↓↓↓

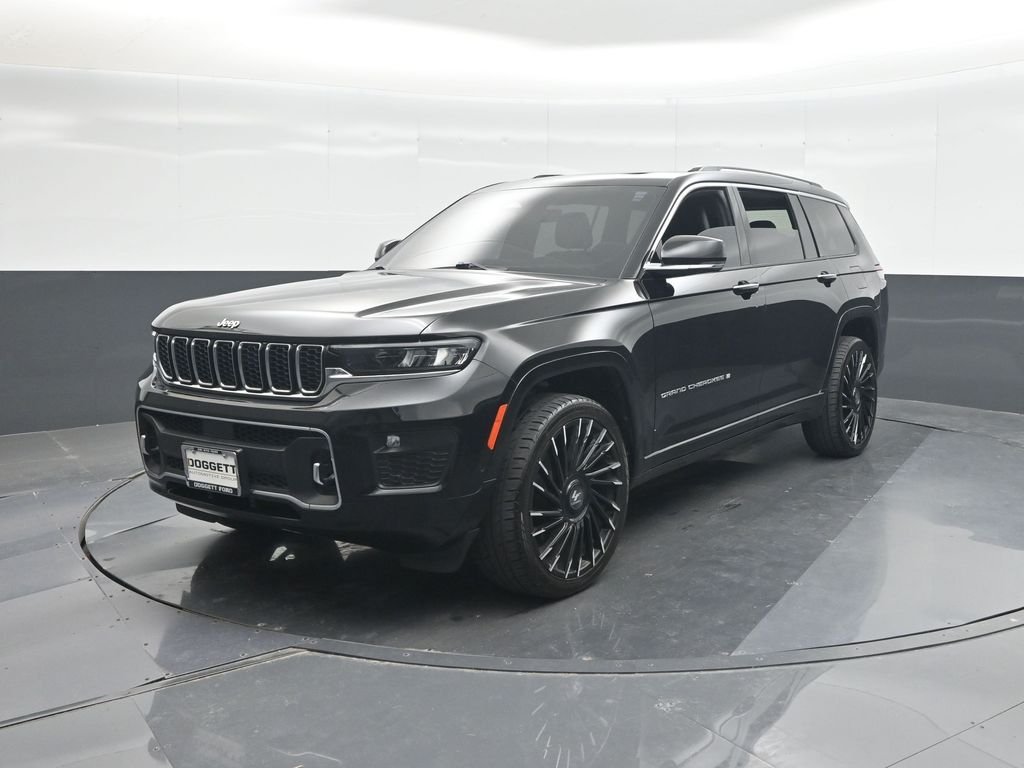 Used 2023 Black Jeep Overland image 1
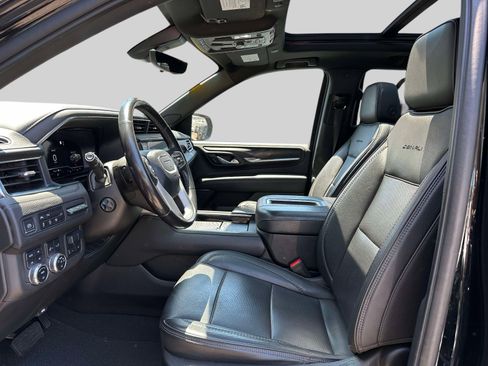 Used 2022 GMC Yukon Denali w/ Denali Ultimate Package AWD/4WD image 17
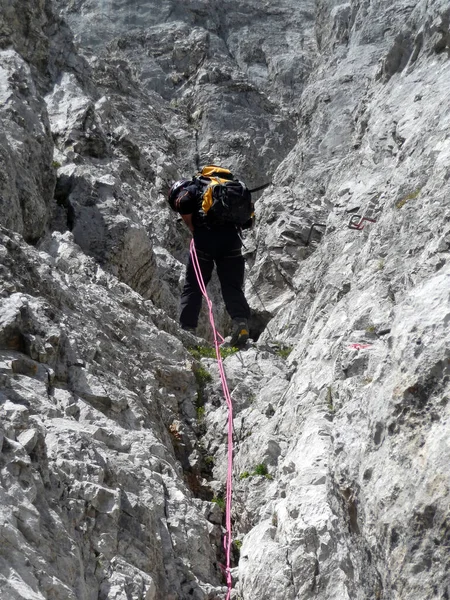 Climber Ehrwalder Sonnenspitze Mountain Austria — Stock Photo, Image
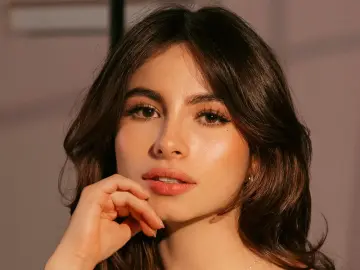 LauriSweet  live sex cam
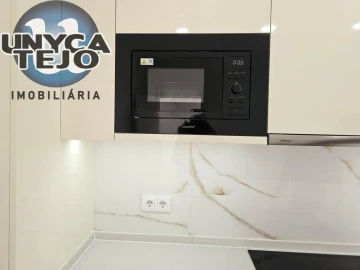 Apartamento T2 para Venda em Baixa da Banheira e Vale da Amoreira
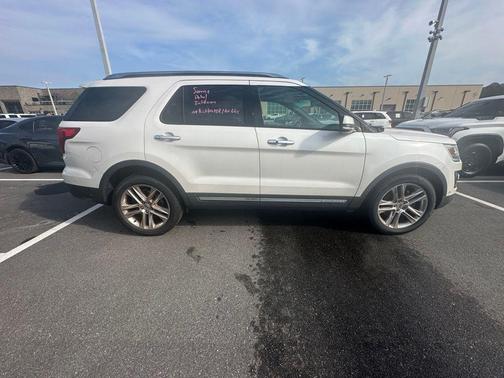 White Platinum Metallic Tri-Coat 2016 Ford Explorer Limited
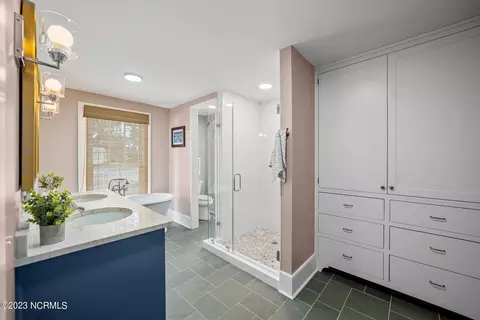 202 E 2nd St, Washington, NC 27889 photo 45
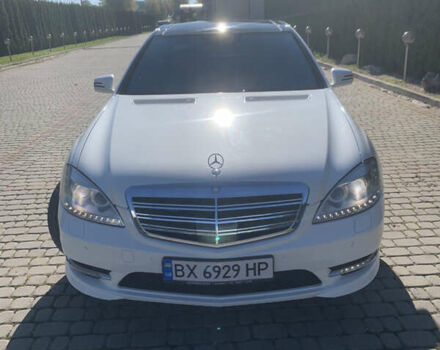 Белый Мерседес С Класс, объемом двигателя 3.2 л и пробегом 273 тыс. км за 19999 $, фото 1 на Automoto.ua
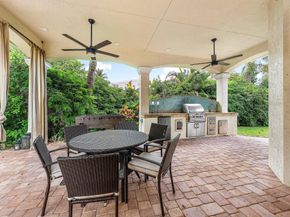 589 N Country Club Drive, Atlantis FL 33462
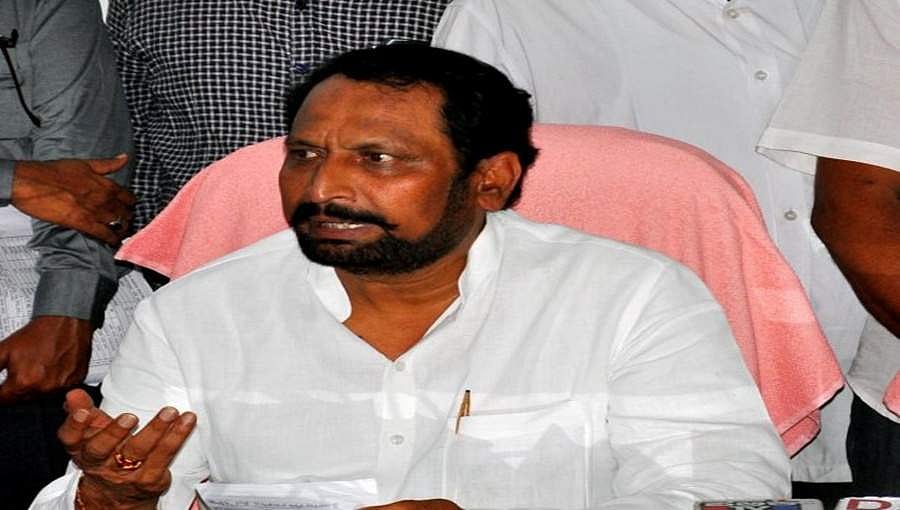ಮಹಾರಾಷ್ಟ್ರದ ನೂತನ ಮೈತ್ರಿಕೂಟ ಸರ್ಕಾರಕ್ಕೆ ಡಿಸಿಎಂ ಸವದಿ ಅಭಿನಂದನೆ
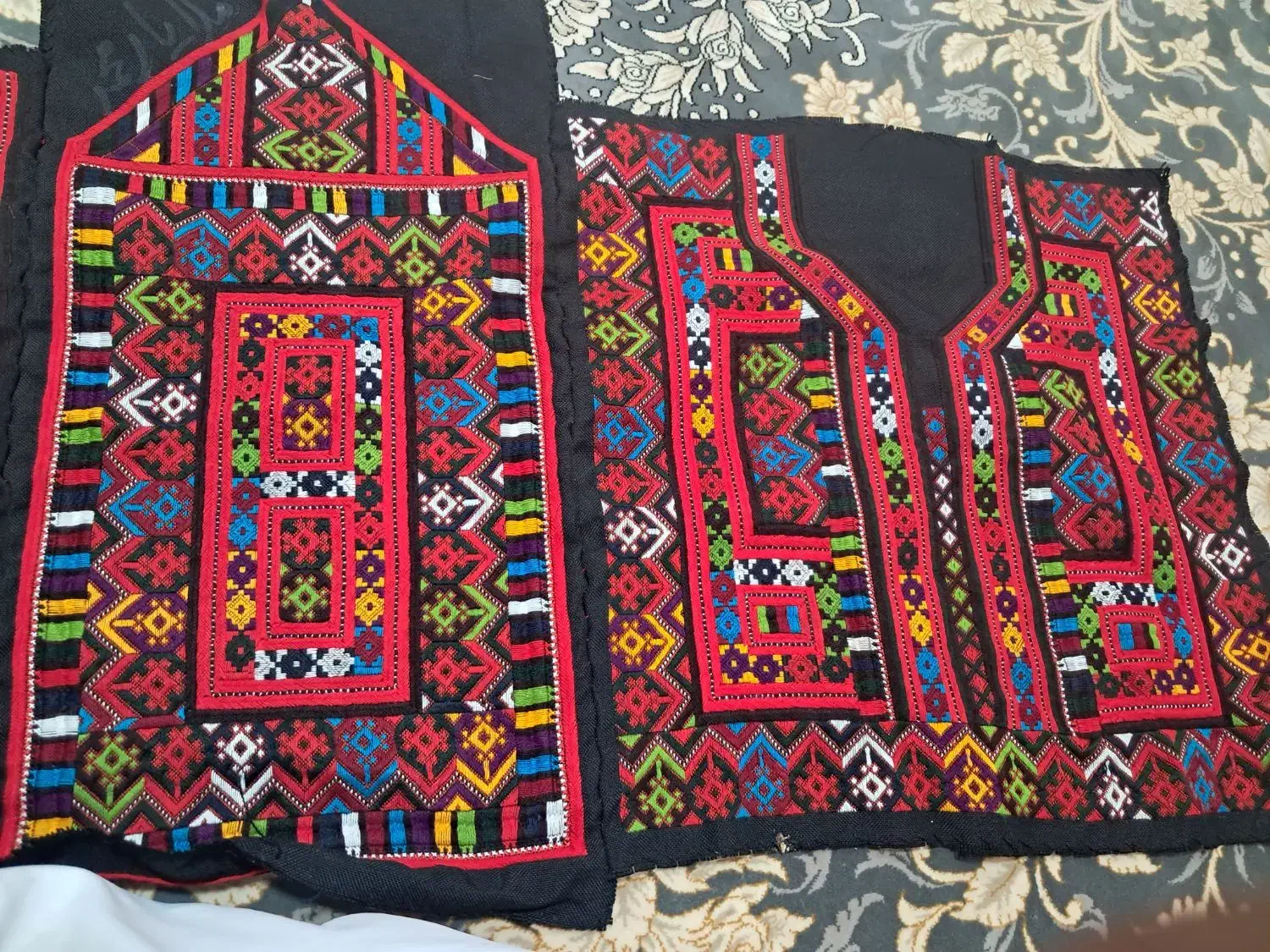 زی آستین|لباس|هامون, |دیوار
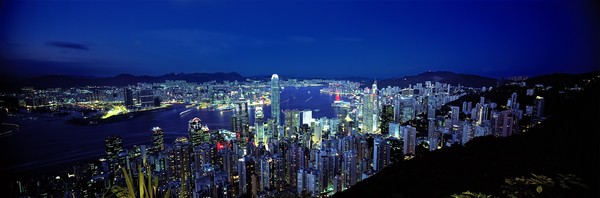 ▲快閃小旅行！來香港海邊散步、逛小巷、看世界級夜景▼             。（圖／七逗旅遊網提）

↑↑↑

WHAT TO PRODUCE
Images are to be left out; everything else in the material must be written out exactly.

ANSWER TO THIS EXERCISE
 Used 2023 Black Jeep Overland image 1
 Used 2022 GMC Yukon Denali w/ Denali Ultimate Package AWD/4WD image 17
 Climber Ehrwalder Sonnenspitze Mountain Austria — Stock Photo, Image
 LauriSweet  live sex cam
 Apartamento T2 para Venda em Baixa da Banheira e Vale da Amoreira
 White Platinum Metallic Tri-Coat 2016 Ford Explorer Limited
 202 E 2nd St, Washington, NC 27889 photo 45
 Белый Мерседес С Класс, объемом двигателя 3.2 л и пробегом 273 тыс. км за 19999 $, фото 1 на Automoto.ua
 589 N Country Club Drive, Atlantis FL 33462
ಮಹಾರಾಷ್ಟ್ರದ ನೂತನ ಮೈತ್ರಿಕೂಟ ಸರ್ಕಾರಕ್ಕೆ ಡಿಸಿಎಂ ಸವದಿ ಅಭಿನಂದನೆ
 زی آستین|لباس|هامون, |دیوار
 ▲快閃小旅行！來香港海邊散步、逛小巷、看世界級夜景▼             。（圖／七逗旅遊網提）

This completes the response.